**Image-text web data**
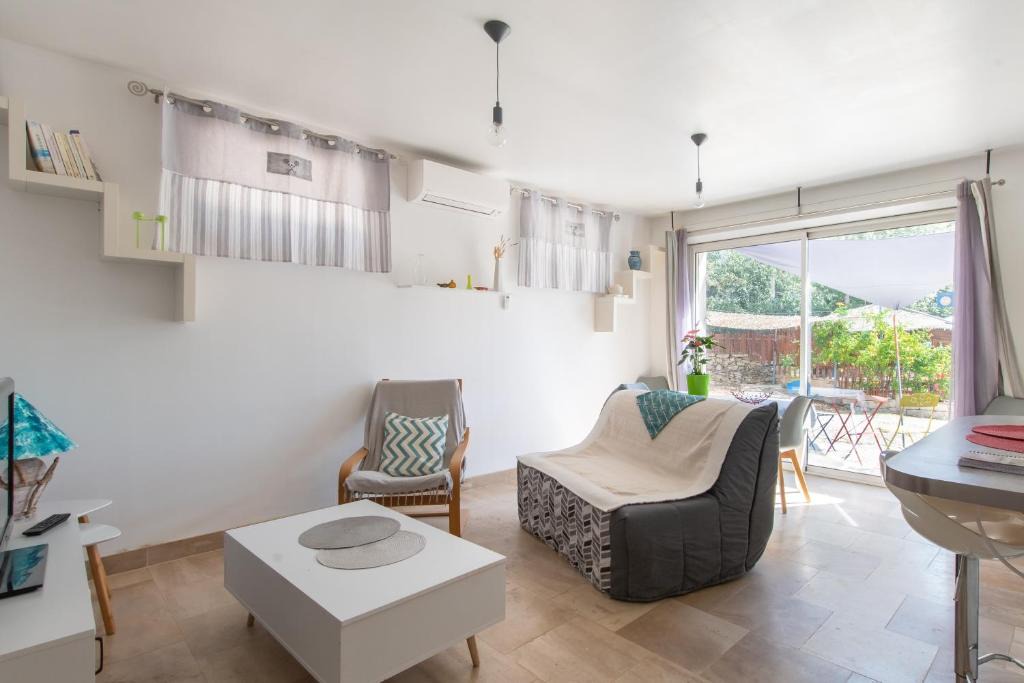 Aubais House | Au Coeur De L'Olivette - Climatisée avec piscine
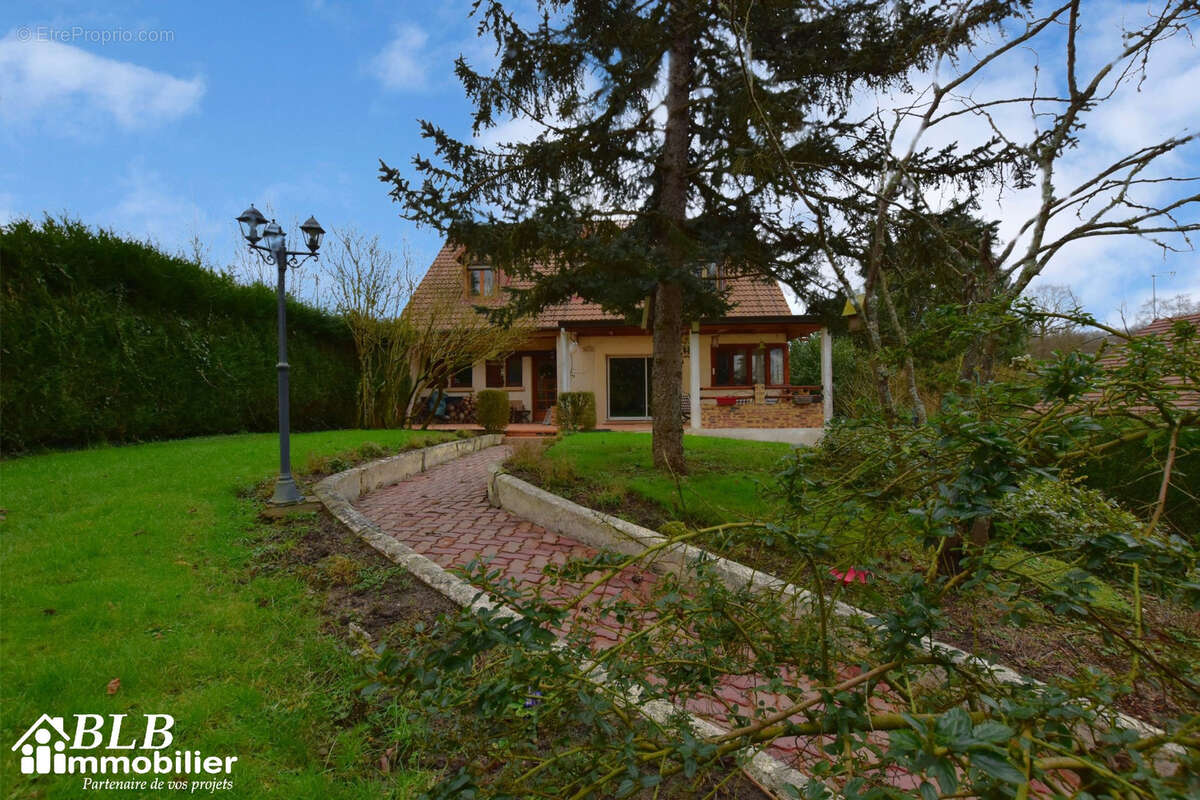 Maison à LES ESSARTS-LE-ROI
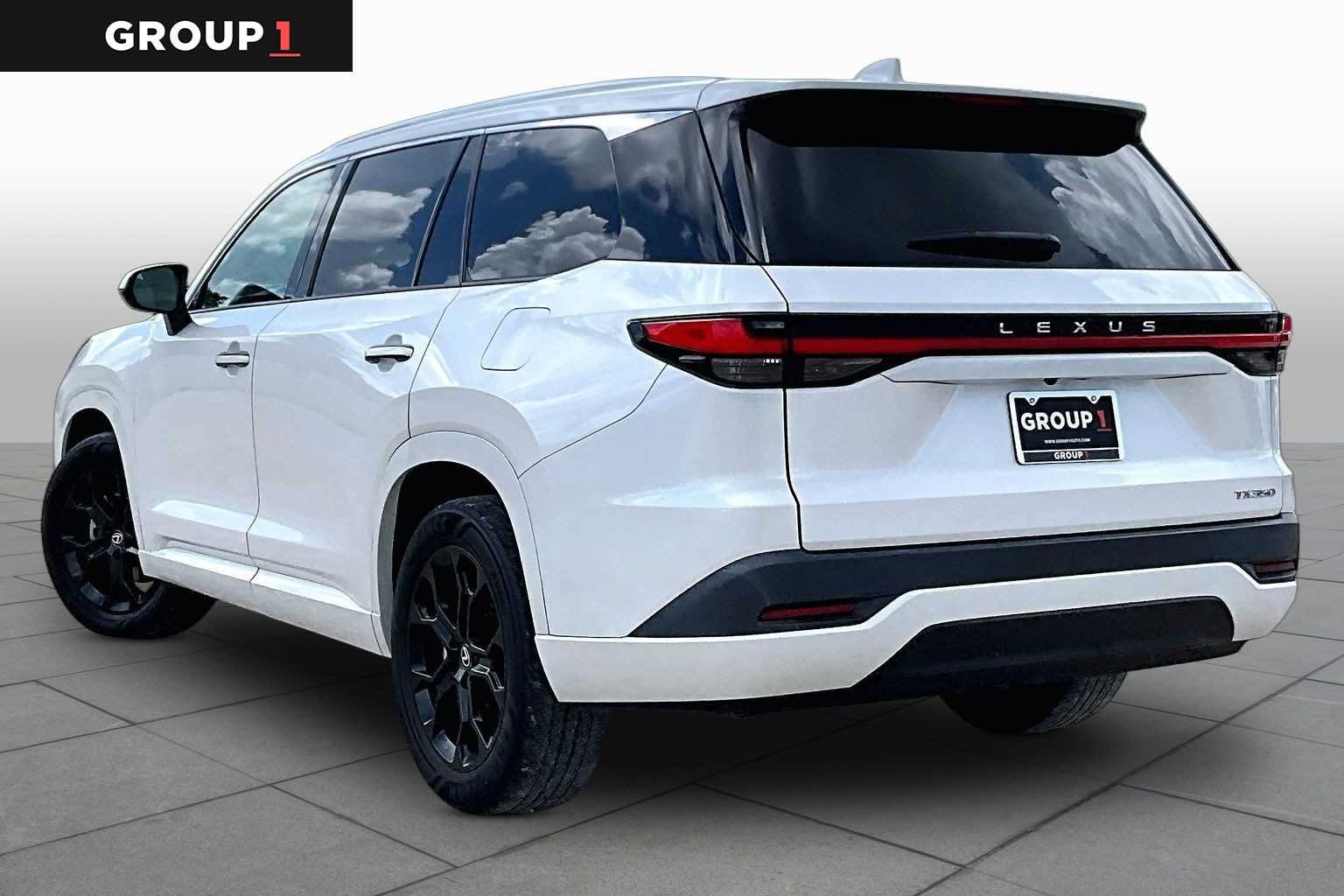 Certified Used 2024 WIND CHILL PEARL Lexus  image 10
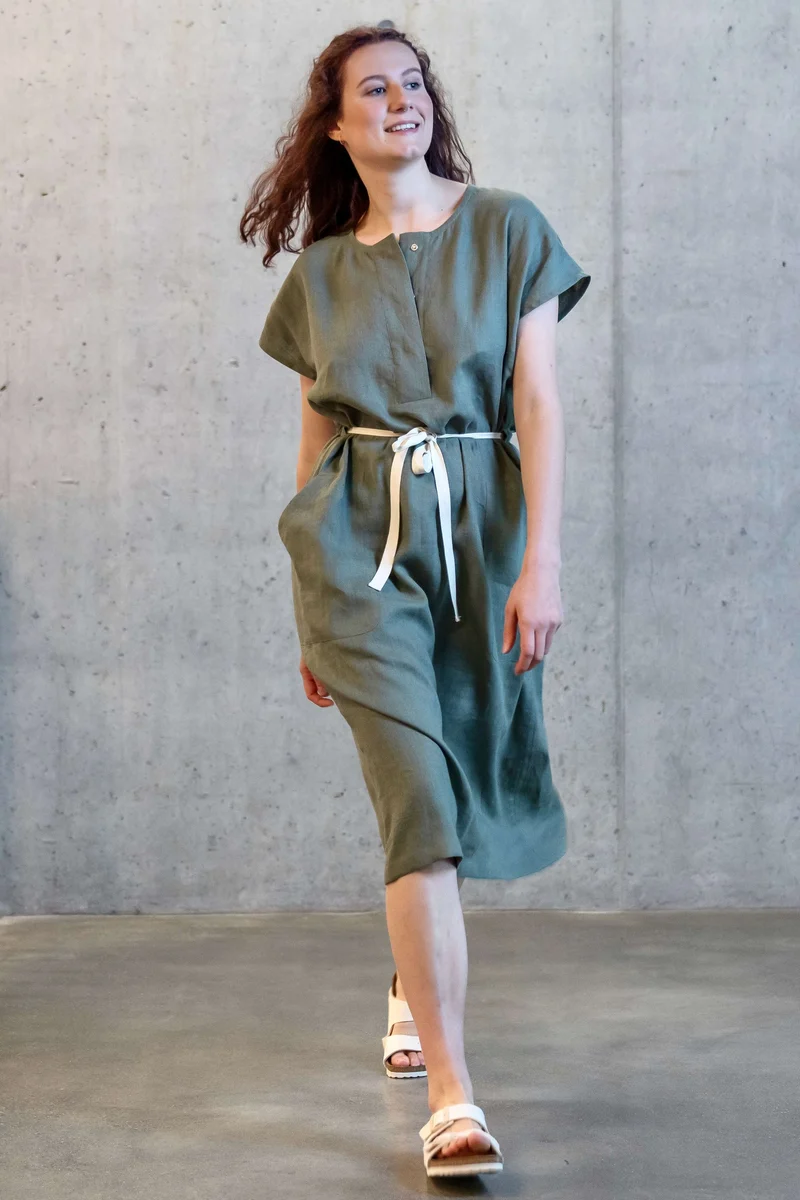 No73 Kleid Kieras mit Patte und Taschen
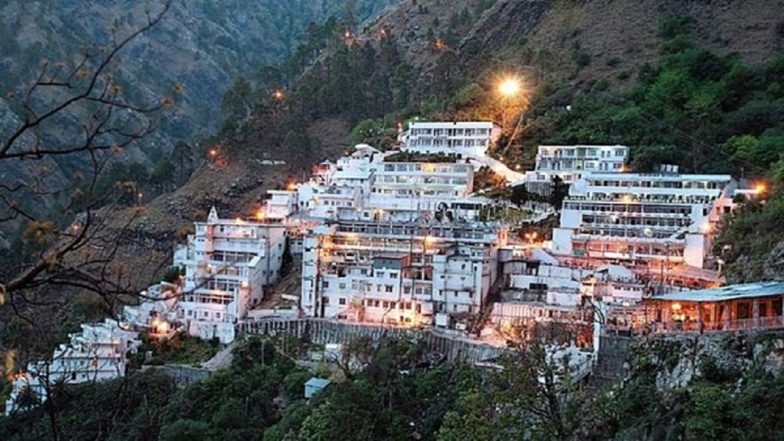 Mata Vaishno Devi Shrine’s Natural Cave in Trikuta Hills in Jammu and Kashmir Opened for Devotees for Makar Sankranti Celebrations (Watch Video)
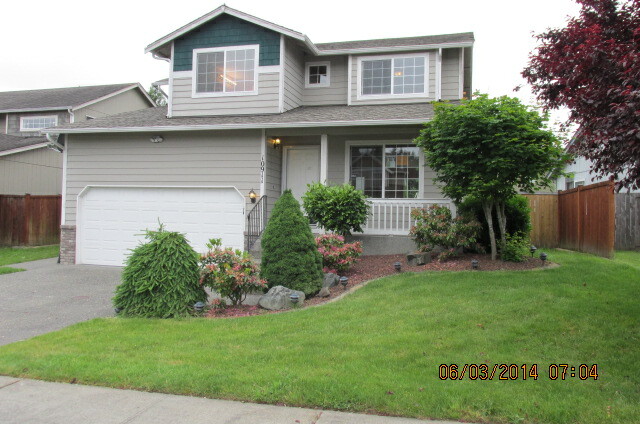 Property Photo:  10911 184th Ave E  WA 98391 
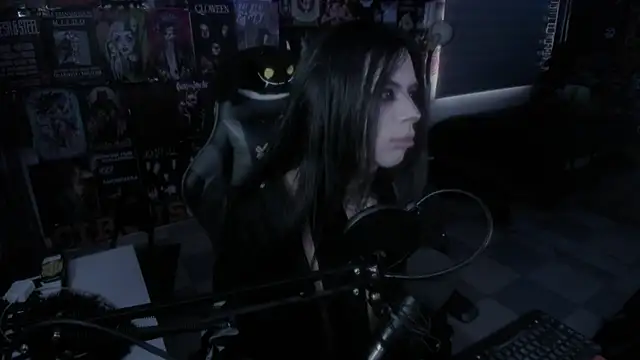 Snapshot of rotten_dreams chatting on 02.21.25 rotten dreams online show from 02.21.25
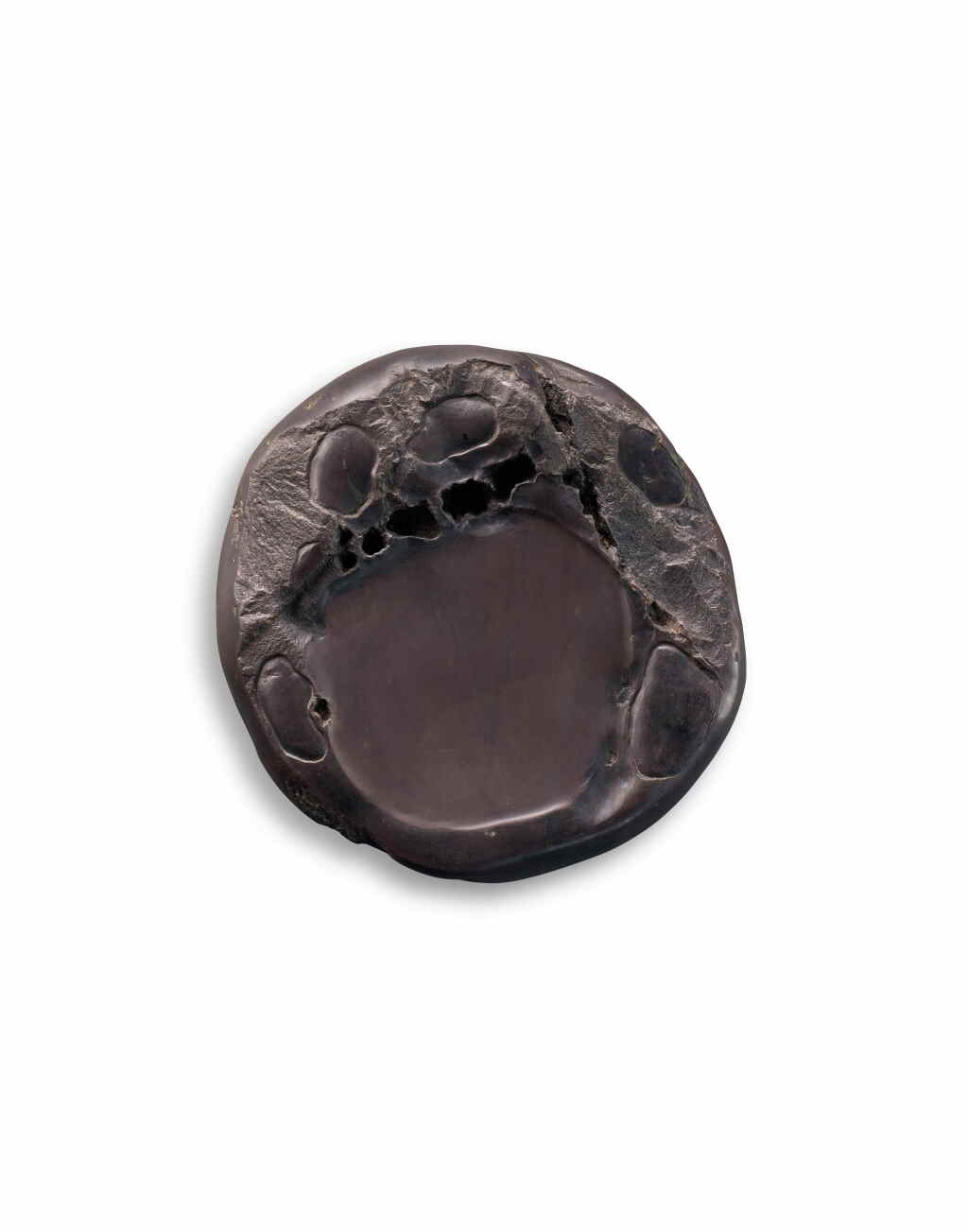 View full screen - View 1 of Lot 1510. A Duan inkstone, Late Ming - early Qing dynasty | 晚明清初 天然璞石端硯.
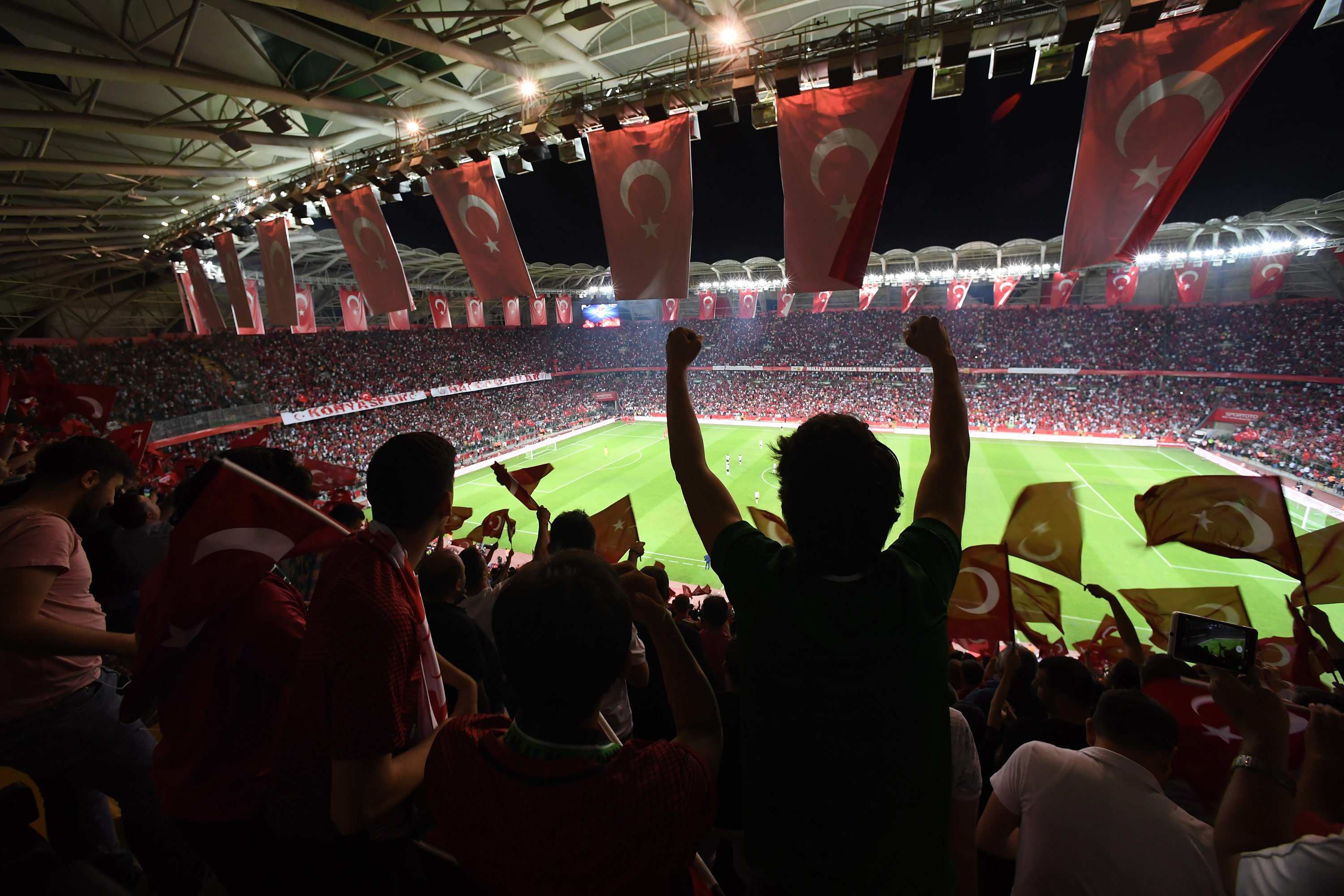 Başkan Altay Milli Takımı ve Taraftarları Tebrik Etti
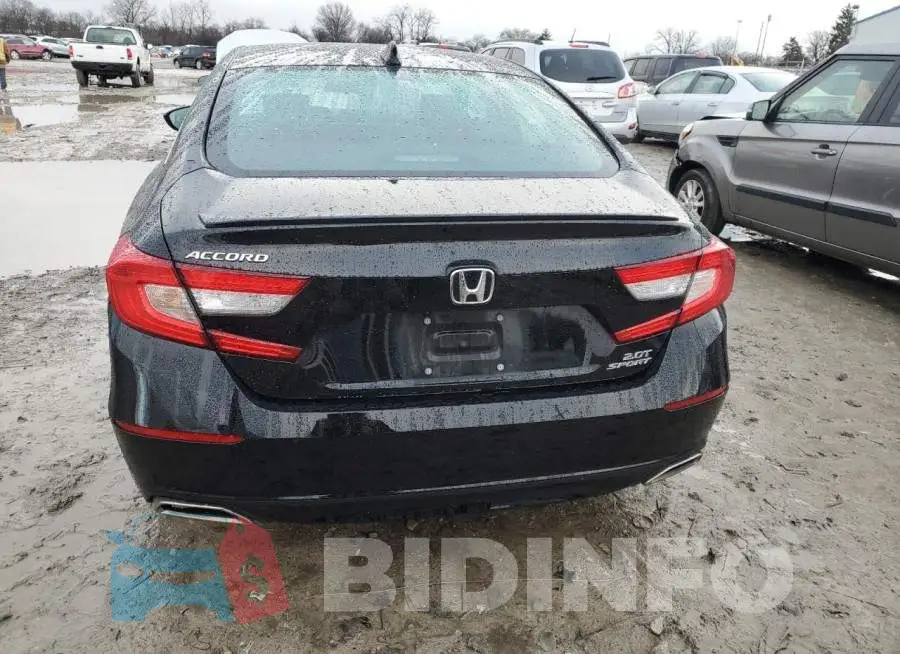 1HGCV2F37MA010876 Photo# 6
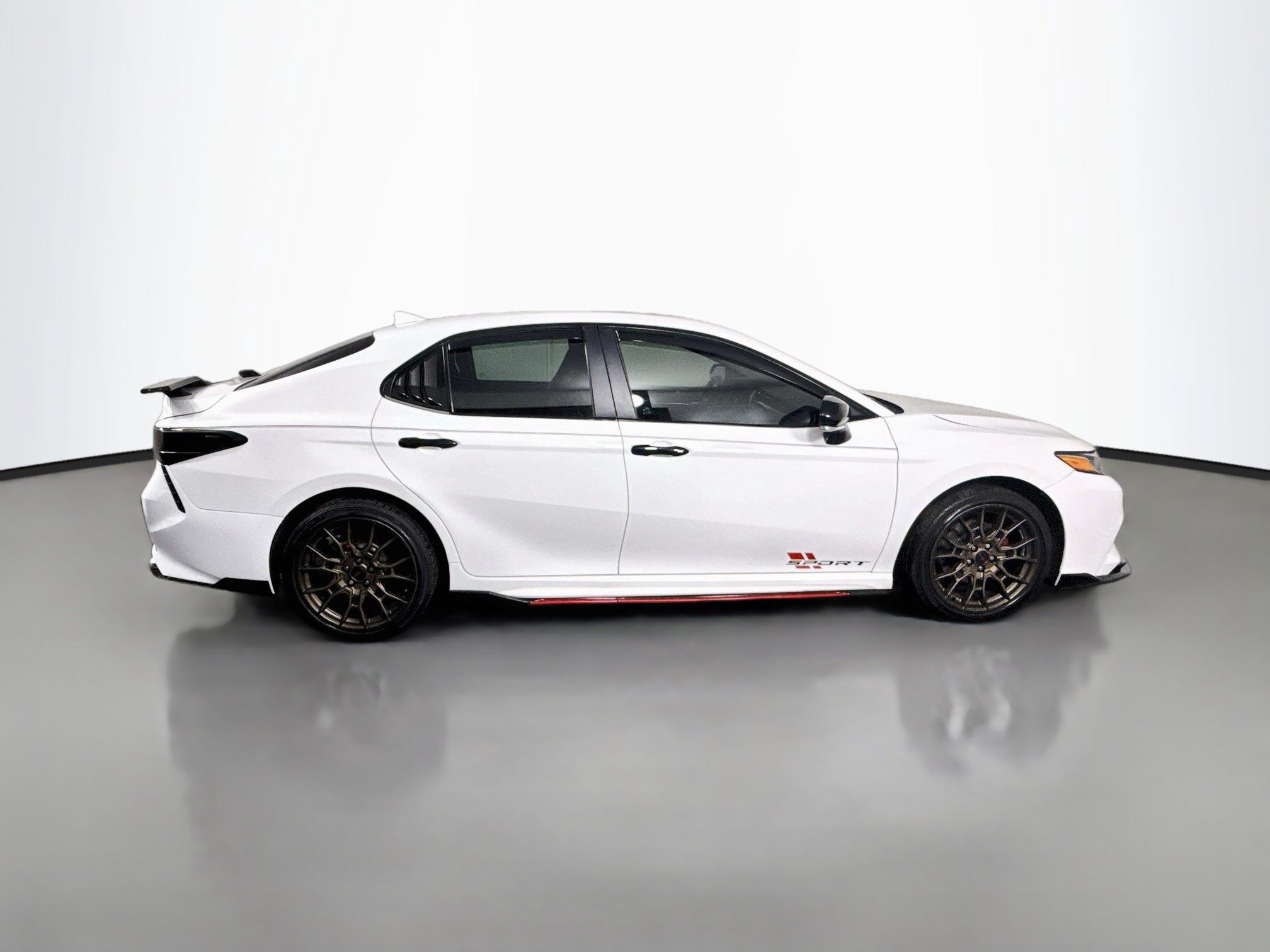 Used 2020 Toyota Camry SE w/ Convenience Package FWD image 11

**Exercise directions**
Only the lines from the top of the data through the line with "Snapshot of rotten_dreams" should be quoted, exactly and with both ends kept; skip the pictures.

**Answer to this exercise**
 Aubais House | Au Coeur De L'Olivette - Climatisée avec piscine
 Maison à LES ESSARTS-LE-ROI
 Certified Used 2024 WIND CHILL PEARL Lexus  image 10
 No73 Kleid Kieras mit Patte und Taschen
 Mata Vaishno Devi Shrine’s Natural Cave in Trikuta Hills in Jammu and Kashmir Opened for Devotees for Makar Sankranti Celebrations (Watch Video)
 Property Photo:  10911 184th Ave E  WA 98391 
 Snapshot of rotten_dreams chatting on 02.21.25 rotten dreams online show from 02.21.25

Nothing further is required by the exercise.